→ AIM OF THE TASK
Your task is to copy the lines of the data below from the line holding "Mey İthalat Havlu;" through the line holding "Abstrakcyjny Projekt Tapety", inclusive, exactly and with nothing added.

→ DATA TO EXAMINE
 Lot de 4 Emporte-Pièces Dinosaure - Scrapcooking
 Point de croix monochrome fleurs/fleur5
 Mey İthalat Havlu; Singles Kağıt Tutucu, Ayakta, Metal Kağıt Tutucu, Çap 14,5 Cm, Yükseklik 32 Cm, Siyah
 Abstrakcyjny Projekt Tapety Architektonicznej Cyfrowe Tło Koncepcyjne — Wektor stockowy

...

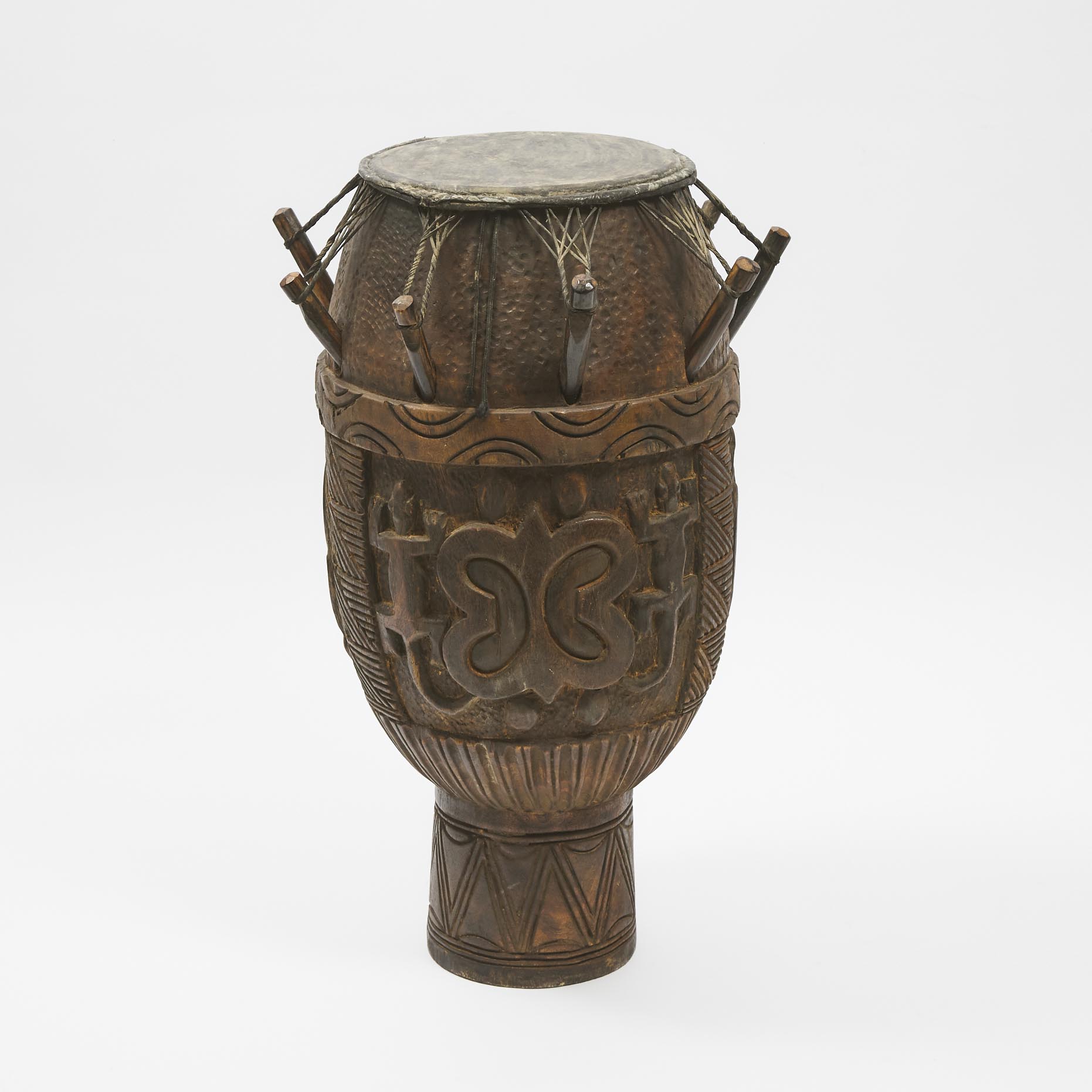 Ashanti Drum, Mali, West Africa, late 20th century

* * *

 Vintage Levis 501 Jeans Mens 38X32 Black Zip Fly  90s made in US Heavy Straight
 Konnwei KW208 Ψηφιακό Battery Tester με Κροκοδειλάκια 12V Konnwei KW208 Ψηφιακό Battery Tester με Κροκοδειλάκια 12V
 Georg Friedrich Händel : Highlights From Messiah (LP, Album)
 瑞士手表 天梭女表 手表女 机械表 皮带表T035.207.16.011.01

→ RESPONSE FOR THIS EXERCISE
 Mey İthalat Havlu; Singles Kağıt Tutucu, Ayakta, Metal Kağıt Tutucu, Çap 14,5 Cm, Yükseklik 32 Cm, Siyah
 Abstrakcyjny Projekt Tapety Architektonicznej Cyfrowe Tło Koncepcyjne — Wektor stockowy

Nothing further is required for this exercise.